July 14, 1992
Appeal from the Supreme Court, Erie County, Flaherty, J.
Present — Callahan, J.P., Green, Lawton, Boehm and Davis, JJ.
Order unanimously affirmed without costs. Memorandum: Supreme Court properly granted defendants' motion for summary judgment dismissing plaintiff's complaint. Contrary to plaintiff's assertions, we conclude that the statement contained in the information subpoena mailed to plaintiff's employer is not libelous per se (see, Wilson v. Merrill Lynch, Pierce, Fenner Smith, 111 A.D.2d 807, affd 66 N.Y.2d 988; 43 N.Y. Jur 2d, Defamation and Privacy, §§ 7, 8), and, therefore, the second, fourth and sixth causes of action were correctly dismissed. Moreover, the statements contained in the information subpoena were absolutely privileged because they were made in the course of a judicial proceeding in which plaintiff was a named party and were material and pertinent to the litigation (see, CPLR 5223; Baratta v. Hubbard, 136 A.D.2d 467, 468-469; Klein v. McGauley, 29 A.D.2d 418, 420; Cooper v. Stone, 14 A.D.2d 814; Schneider v Sachs Quality Stores, 14 Misc.2d 582, 583). Additionally, the circumstance that the information subpoena issued in the proceeding was affected by mistaken identity does not "deprive the legal process of that privilege" (Schneider v. Sachs Quality Stores, supra, at 584).

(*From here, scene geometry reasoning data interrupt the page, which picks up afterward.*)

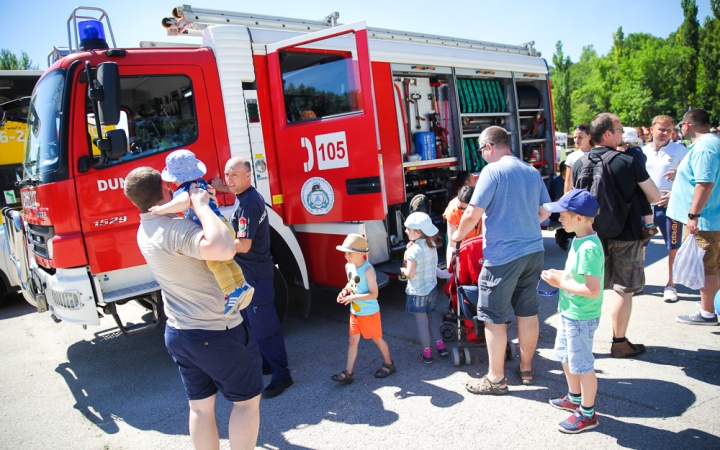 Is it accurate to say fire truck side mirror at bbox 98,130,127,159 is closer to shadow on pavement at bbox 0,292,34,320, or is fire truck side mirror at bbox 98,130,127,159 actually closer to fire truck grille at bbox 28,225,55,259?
fire truck grille at bbox 28,225,55,259

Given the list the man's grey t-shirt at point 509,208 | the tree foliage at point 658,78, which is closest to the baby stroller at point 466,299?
the man's grey t-shirt at point 509,208

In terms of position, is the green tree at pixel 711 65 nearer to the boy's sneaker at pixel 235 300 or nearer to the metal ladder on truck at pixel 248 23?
the metal ladder on truck at pixel 248 23

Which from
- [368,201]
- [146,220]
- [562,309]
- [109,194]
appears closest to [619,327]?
[562,309]

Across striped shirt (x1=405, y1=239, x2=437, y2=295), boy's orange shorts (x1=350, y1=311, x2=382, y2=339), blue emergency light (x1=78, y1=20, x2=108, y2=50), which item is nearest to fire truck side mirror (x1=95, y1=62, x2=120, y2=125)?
blue emergency light (x1=78, y1=20, x2=108, y2=50)

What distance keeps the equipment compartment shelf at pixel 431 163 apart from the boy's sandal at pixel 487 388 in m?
2.82

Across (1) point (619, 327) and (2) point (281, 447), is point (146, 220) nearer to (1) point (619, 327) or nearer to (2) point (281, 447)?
(2) point (281, 447)

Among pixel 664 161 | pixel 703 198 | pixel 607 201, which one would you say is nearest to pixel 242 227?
pixel 607 201

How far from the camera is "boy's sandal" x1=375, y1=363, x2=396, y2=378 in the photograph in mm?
3896

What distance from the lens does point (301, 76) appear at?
4828mm

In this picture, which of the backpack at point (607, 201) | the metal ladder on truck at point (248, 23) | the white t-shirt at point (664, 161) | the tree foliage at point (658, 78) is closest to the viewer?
the backpack at point (607, 201)

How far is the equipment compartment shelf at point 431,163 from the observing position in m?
5.62

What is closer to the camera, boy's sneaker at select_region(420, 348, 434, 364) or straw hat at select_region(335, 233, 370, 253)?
straw hat at select_region(335, 233, 370, 253)

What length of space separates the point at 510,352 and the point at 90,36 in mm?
→ 4559

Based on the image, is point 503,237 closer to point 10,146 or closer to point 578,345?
point 578,345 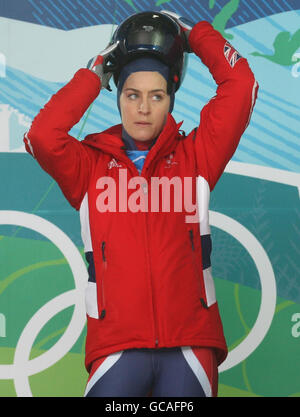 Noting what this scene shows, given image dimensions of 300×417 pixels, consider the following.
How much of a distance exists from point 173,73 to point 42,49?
119cm

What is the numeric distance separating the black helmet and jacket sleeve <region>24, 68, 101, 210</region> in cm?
12

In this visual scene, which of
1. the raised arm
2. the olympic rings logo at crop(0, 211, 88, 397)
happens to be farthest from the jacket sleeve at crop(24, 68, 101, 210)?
the olympic rings logo at crop(0, 211, 88, 397)

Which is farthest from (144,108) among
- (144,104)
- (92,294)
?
(92,294)

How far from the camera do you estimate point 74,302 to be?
10.2 ft

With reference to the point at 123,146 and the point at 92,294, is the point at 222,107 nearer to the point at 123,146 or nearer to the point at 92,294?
the point at 123,146

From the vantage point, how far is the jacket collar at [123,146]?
1.98 metres

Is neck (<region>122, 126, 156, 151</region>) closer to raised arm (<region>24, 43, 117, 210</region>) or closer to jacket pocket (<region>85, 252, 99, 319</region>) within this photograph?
raised arm (<region>24, 43, 117, 210</region>)

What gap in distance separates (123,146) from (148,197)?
0.20 metres

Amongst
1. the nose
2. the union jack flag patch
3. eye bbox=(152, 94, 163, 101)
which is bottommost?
the nose

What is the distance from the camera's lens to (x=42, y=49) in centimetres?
314

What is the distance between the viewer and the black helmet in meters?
2.06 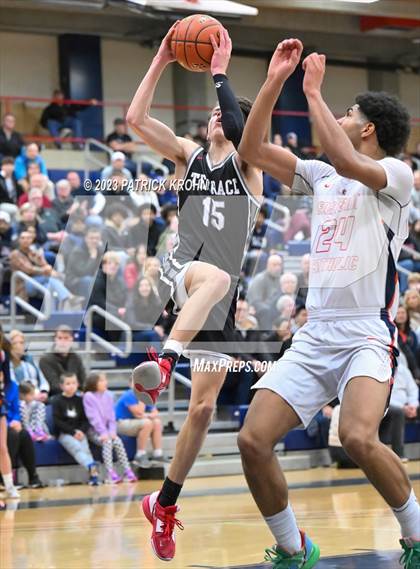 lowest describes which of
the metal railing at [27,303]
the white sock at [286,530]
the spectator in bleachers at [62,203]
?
the metal railing at [27,303]

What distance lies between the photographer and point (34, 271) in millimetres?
13570

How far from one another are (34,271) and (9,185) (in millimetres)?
1879

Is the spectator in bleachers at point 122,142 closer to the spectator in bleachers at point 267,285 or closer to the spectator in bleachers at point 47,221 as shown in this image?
the spectator in bleachers at point 47,221

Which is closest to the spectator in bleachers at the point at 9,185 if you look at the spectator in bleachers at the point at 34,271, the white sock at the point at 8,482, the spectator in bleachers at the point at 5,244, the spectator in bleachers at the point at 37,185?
the spectator in bleachers at the point at 37,185

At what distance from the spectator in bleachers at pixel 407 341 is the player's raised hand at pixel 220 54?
7.73 metres

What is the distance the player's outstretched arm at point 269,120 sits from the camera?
538 centimetres


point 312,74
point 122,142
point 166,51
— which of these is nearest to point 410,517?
point 312,74

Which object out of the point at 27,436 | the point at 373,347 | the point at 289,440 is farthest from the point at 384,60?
the point at 373,347

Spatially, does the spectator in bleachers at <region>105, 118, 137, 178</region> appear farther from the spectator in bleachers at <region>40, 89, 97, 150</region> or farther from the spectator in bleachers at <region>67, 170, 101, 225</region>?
the spectator in bleachers at <region>67, 170, 101, 225</region>

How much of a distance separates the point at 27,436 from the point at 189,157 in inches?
210

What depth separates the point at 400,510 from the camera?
5316 mm

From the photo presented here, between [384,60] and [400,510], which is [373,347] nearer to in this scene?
[400,510]

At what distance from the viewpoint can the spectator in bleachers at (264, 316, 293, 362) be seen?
39.8ft

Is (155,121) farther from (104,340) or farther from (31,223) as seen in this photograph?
(31,223) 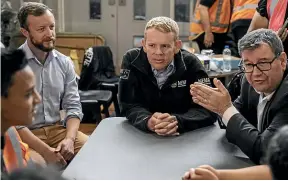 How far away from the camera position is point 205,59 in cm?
311

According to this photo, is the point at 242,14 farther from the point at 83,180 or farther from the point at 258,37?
the point at 83,180

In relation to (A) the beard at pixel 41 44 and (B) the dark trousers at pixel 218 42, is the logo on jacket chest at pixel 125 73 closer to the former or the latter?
(A) the beard at pixel 41 44

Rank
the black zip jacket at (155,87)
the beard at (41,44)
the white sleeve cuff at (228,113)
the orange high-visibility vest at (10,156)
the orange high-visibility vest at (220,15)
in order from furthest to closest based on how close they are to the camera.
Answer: the orange high-visibility vest at (220,15) → the black zip jacket at (155,87) → the beard at (41,44) → the white sleeve cuff at (228,113) → the orange high-visibility vest at (10,156)

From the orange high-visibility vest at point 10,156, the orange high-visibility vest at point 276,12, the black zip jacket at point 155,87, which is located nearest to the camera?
the orange high-visibility vest at point 10,156

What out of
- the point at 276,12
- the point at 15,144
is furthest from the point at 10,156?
the point at 276,12

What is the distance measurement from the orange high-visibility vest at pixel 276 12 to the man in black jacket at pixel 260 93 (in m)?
1.02

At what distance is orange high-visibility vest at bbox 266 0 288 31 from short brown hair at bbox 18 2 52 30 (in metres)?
1.43

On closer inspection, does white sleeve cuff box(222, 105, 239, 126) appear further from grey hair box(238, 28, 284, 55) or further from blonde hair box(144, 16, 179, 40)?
blonde hair box(144, 16, 179, 40)

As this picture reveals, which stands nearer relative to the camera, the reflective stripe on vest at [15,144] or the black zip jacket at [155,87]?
the reflective stripe on vest at [15,144]

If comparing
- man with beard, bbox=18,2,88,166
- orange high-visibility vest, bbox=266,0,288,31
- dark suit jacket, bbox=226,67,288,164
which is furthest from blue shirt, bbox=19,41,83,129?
orange high-visibility vest, bbox=266,0,288,31

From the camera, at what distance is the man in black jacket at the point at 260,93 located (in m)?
1.36

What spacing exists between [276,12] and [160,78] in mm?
1109

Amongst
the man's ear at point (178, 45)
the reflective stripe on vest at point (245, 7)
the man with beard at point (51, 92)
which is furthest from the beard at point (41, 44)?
the reflective stripe on vest at point (245, 7)

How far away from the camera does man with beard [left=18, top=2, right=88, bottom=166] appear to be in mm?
1558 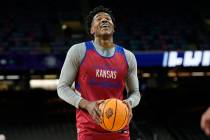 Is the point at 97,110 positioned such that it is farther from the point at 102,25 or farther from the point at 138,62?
the point at 138,62

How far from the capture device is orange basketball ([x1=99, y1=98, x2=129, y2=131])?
3.75 meters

Plaintiff's remaining causes of action, which seek recovery for the infliction of emotional distress due to defendants' alleged gross negligence, also properly were dismissed. Plaintiff failed to offer any evidence that defendants were guilty of conduct "'so outrageous in character, and so extreme in degree, as to go beyond all possible bounds of decency, and to be regarded as atrocious, and utterly intolerable in a civilized community'" (Murphy v. American Home Prods. Corp., 58 N.Y.2d 293, 303).